In [62]:
import numpy as np
import pandas as pd
from sklearn.utils.extmath import randomized_svd
from tabulate import tabulate
import warnings
warnings.filterwarnings("ignore")

class FA():
    """
    Clase para análisis exploratorio de los Factores de una matriz de datos mediante método de Factores Principales.

    Esta clase:
        (1) Entrena un modelo de análisis factorial mediante el Método de Factores Principales ("Principal Factor Method"), según se define en Rencher (2002, chap. 13);
        (2) Devuelve: eigenvalues, eigenvectors, loading matrix, communalities, uniquenesses, correlation matrix;
        (3) Permite al generación de una rotación de las cargas ("orthogonal varimax rotation").

    Parámetros
    ----------
    X : np.ndarray
        Matriz de datos.
    n_factors : int, opcional
        Número de factores a extraer.
        Default es None.
    svd_method : {‘randomized’, 'np.svd'}
        Método para la realización de la descomposicón en valores singulares ("Singular Value Decomposition").
        Default es 'randomized', de librería scikit-learn. Para cualquier otra opción, SVD será realizada desde numpy.

    Atributos
    ---------
    get_eig: :obj:`numpy.ndarray`
        Matrices de autovalores y autovectores.
    get_loadings: :obj:`numpy.ndarray`
        Matriz de cargas.
    get_communalities_uniquenesses: :obj:`numpy.ndarray`
        Mtrices de comunalidades y unicidades.
    get_fa: :obj: personalizado
        Salida similiar a STATA.
    get_comparative_corr_matrix: :obj: personalizado
        Comparación para la matriz de correlaciones (estimada vs. original).
    get_rotated_loadings: :obj:`numpy.ndarray`
        Cargas rotadas.

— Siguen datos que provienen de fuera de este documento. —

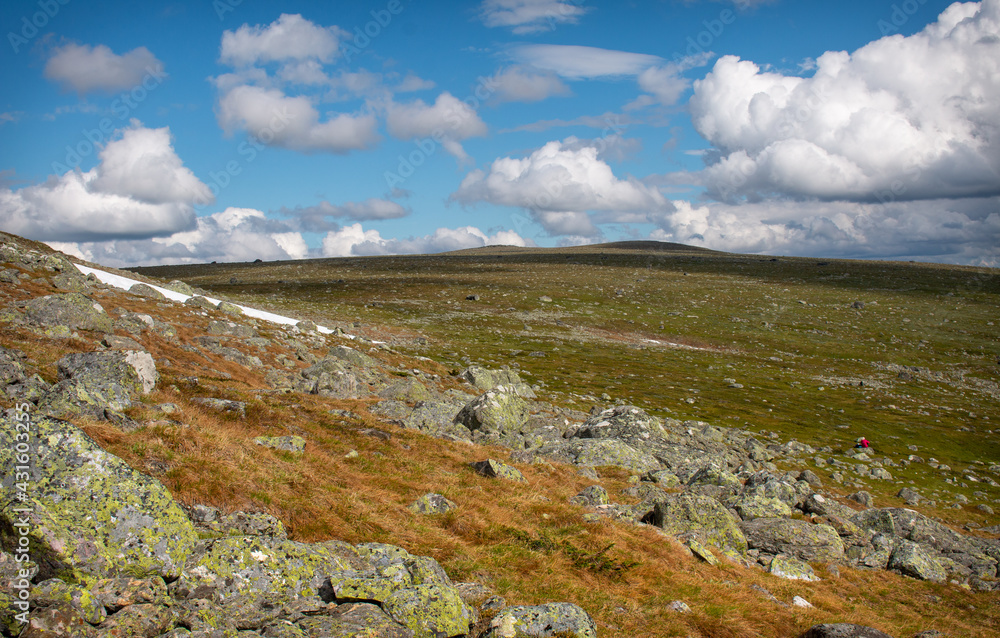 Ascending the rocky path to Skierfe mountain top, Swedish Lapland.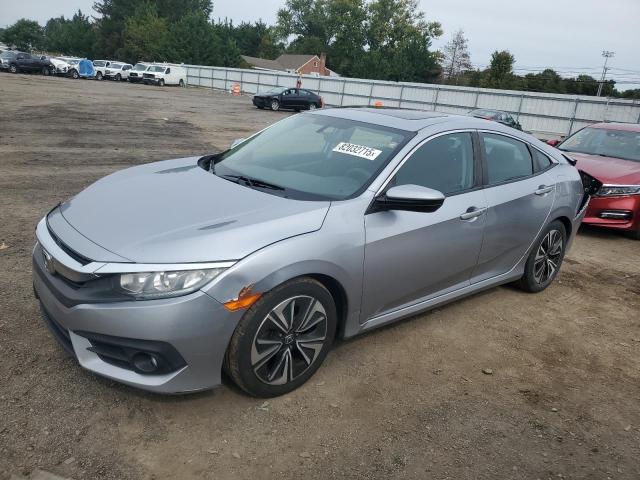 HONDA CIVIC EX 2017 with VIN 19XFC1F31HE213695 - Photo from auction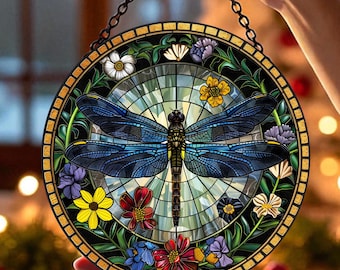 May include: Round stained glass window art featuring a blue dragonfly with intricate wing details. The dragonfly is surrounded by colorful flowers and greenery. A black chain is attached for hanging. The artwork is held up by a person's hands.
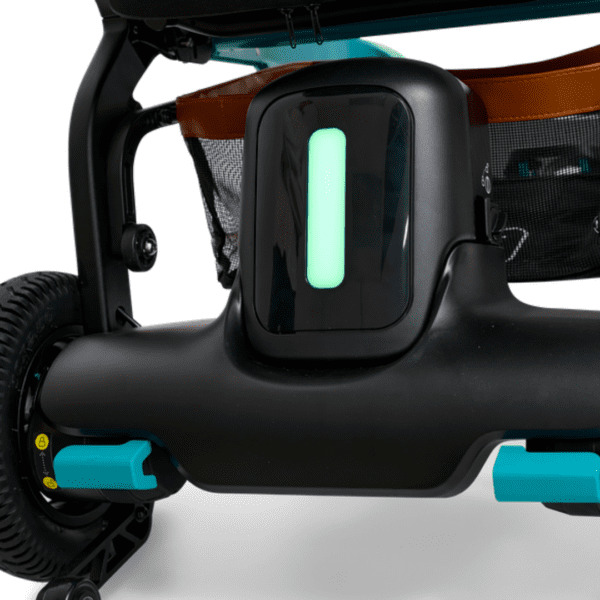 A close-up of a modern strollers wheel and base features a glowing green rectangular light on a sleek black component. In the background, theres a brown storage basket with a black mesh panel, and the tire boasts thick tread and teal accents, similar to the Golden Ally Power Wheelchair.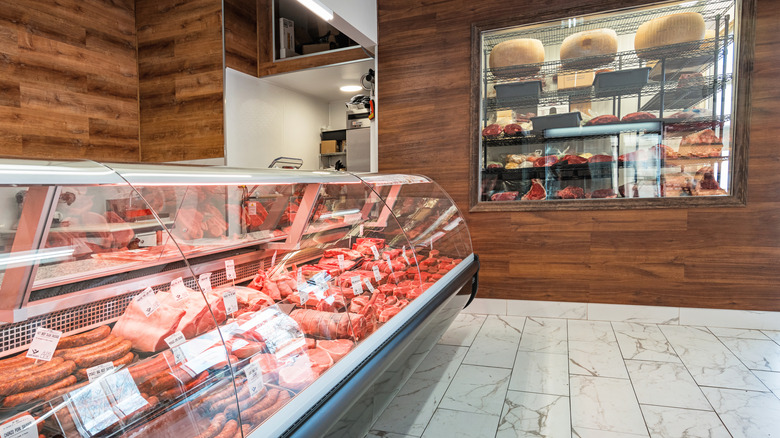 Interior of butcher shop with meat display case and cheese wheels in window display.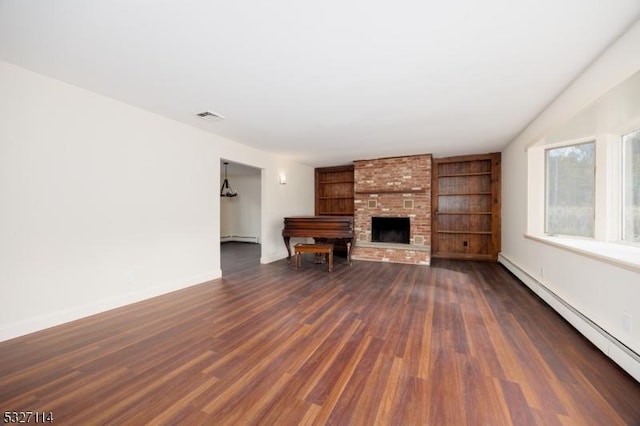 unfurnished living room featuring baseboard heating, a fireplace, and dark wood-type flooring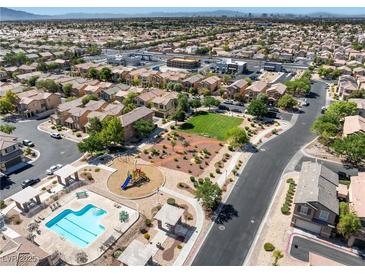 Expansive aerial view of a community featuring a pool, playground, and green spaces amidst neatly arranged homes at 4351 Hera Temple Ave, North Las Vegas, NV 89031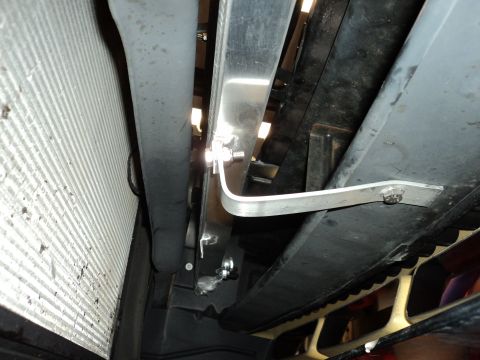 2004 Mercury Grand Marquis - Custom metal brackets are visible near the radiator in this underbody shot.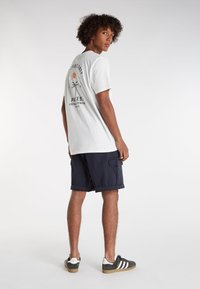 Witte katoenen t-shirt met een grafische print op de achterkant, gecombineerd met marineblauwe cargoshorts en zwart/wit gestreepte sneakers.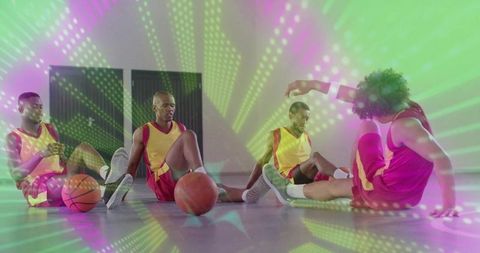 Basketball Players Taking Break with Vibrant Light Effects on Court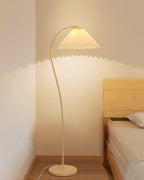 Pleated floor lamp shown full height in a studio setting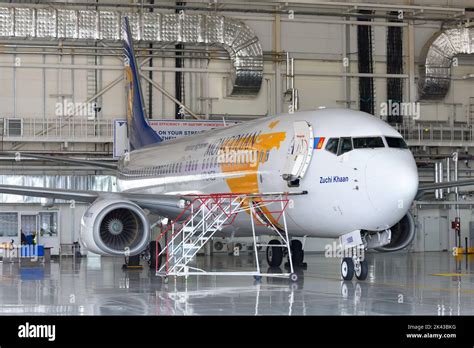 Boeing 737 undergoing heavy maintenance check inside aircraft hangar
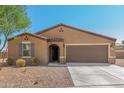 Tan house with brown garage door and landscaping at 25677 W Siesta Way, Buckeye, AZ 85326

Permite ajuste Kaiser (None por Default).

    """
    def __init__(self, X, n_factors=None, svd_method="randomized"):
        self.X = X
        self.n_factors = n_factors
        self.svd_method = svd_method

    def get_eig(self):
        """ 
        Regresa los autovalores y autovectores de la matriz de correlación corregida según Método de Factores Principales,
        de acuerdo al método de SVD seleccionado. 
        """ 

        self.X_corr = np.corrcoef(self.X, rowvar=False)
        self.X_corr_inv = np.linalg.inv(self.X_corr)
        self.X_corr_inv_diag = np.diag(self.X_corr_inv)
        self.R = 1 - (1 / self.X_corr_inv_diag)
        self.X_corr_o = self.X_corr.copy()
        np.fill_diagonal(self.X_corr, self.R)
        self.eigenvalues, _ = np.linalg.eig(self.X_corr) #Para conocer los autovalores negativos
        if self.svd_method == "randomized_svd":
            self.eigenvectors, self.eigenvalues_p, _ = randomized_svd(self.X_corr, n_components=self.X_corr.shape[1], random_state=1234567890)
        else:
            self.eigenvectors, self.eigenvalues_p, _ = np.linalg.svd(self.X_corr, full_matrices=False)

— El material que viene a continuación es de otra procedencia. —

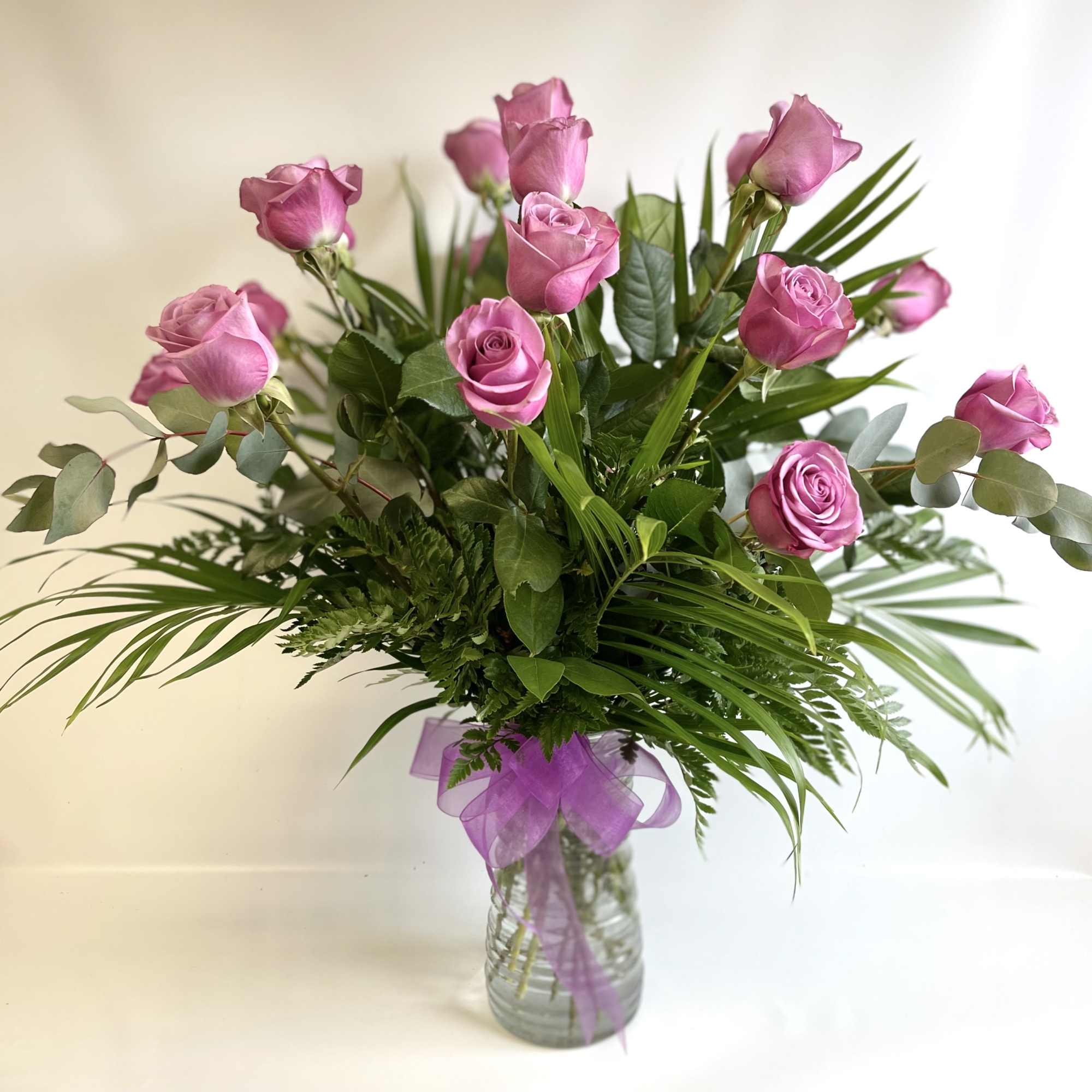 18 Lavender Roses beautifully arranged in a vase. PREMIUM includes higher end 18 Lavender Roses beautifully arranged in a vase. PREMIUM includes higher end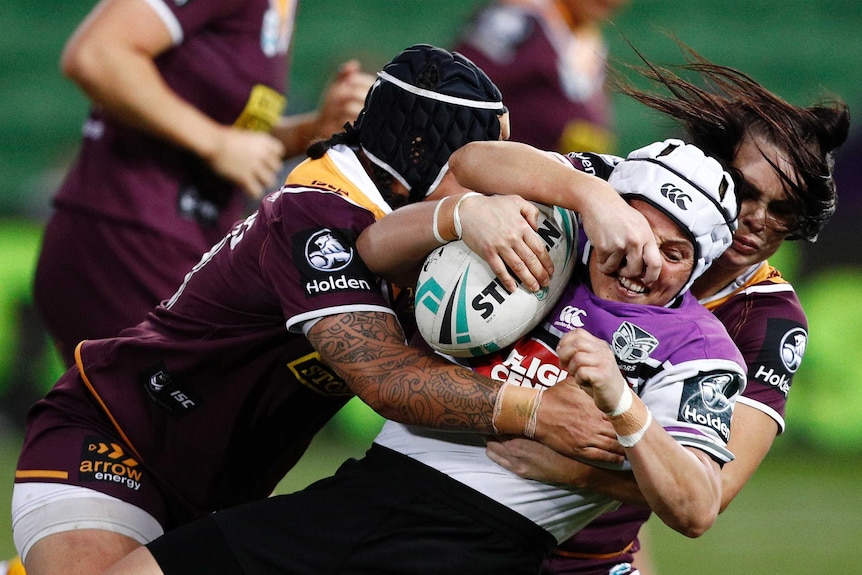 Lorina Papali'i of the Warriorsb being tackled by Amber Pilley and Rona Peters of the Broncos.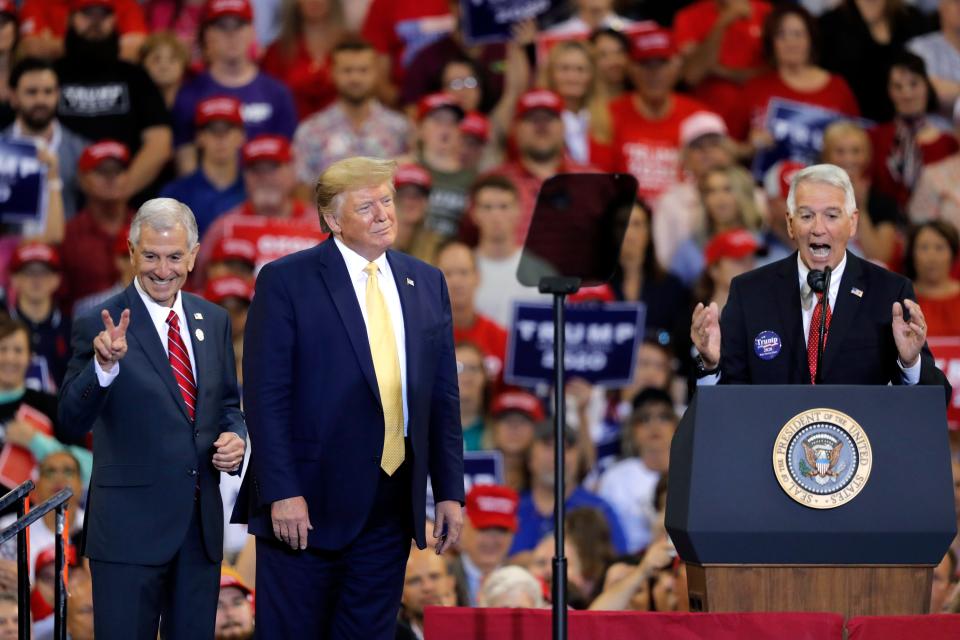 President Donald Trump introduces Louisiana Republican gubernatorial candidates Eddie Rispone, left, and Ralph Abraham, during a campaign rally in Lake Charles, La. The two are running against incumbent Democrat Gov. John Bel Edwards.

        return self.eigenvalues, self.eigenvectors

    def get_loadings(self):
        """ 
        Regresa las cargas de los Factores, conservando solo aquellas cargas cuyos autovalores sean positivos.
        """  

        self.get_eig()

        self.loadings = self.eigenvectors * np.sqrt(self.eigenvalues_p)
        positive_filter = np.array([i for i, value in enumerate(np.round(self.eigenvalues_p, decimals=10)) if value in np.round(self.eigenvalues, decimals=10)])
        self.positive_loadings = self.loadings[:, positive_filter]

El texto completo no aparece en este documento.